Pending home sales decreased for the fourth consecutive month in September, as higher mortgage interest rates and higher home prices curbed buying power, according to the National Association of Realtors (NAR).
NAR says the Pending Home Sales Index (PHSI), a forward-looking indicator based on contract signings, fell 5.6% to 101.6 in September – from a downwardly revised 107.6 in August – and is 1.2% below September 2012 when it was 102.8. The index is at the lowest level since December 2012 when it was 101.3; the data reflect contracts but not closings, says NAR.
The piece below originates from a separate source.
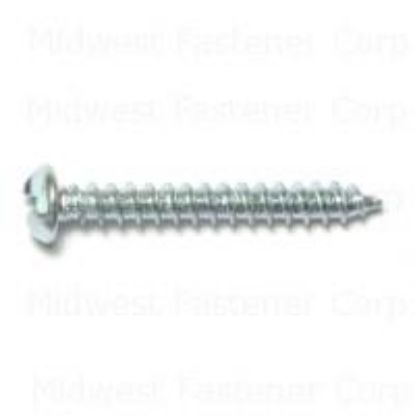 Picture of Sheetmetal-Screw Zinc-Plated Round-Head One-Way #10 x 1-1/2"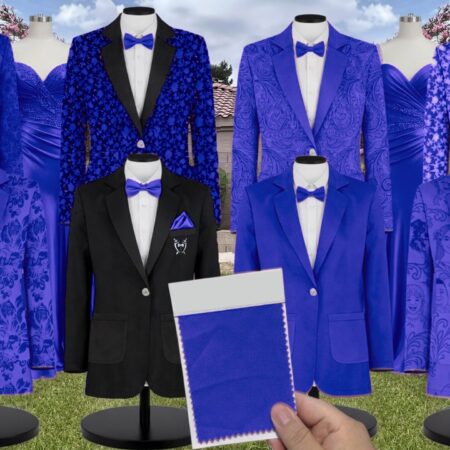 Royal Blue Tulle Suit and Tuxedo – Exact Color Match for Stacees Bridesmaid Dresses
‘Declining housing affordability conditions are likely responsible for the bulk of reduced contract activity,’ explains Lawrence Yun, chief economist for NAR. But he believes concerns over the government shutdown may have played a large role. "In addition, government and contract workers were on the sidelines with growing insecurity over lawmakers' inability to agree on a budget. A broader hit on consumer confidence from general uncertainty also curbs major expenditures such as home purchases."
NAR's data also reports that the PHSI in the Northeast dropped 9.6% to 76.7 in September and is 6.4% below levels from a year ago. In the Midwest, the index fell 8.3% to 102.3 in September but is 5.7% higher than in September 2012. Pending home sales in the South slipped 0.4% to an index of 116.2 in September but are 2.0% above those of a year ago. The index in the West dropped 9.0% in September to 97.3 and is 9.8% lower than in September 2012.
According to NAR, total existing-home sales this year will be 10% higher than those of 2012 – reaching more than 5.1 million, and they are likely to hold even for next year. The national median existing-home price is expected to rise 11% to 11.5% for all of 2013 but will moderate to a 5% to 6% gain in 2014, says NAR.
Yun says this is the first time in 29 months that pending home sales weren't above year-ago levels and that we should anticipate lower home sales in the fourth quarter – with a plateau into next year. "Even so, ongoing inventory shortages will continue to lift home prices, though at a slower single-digit growth rate next year," he explains.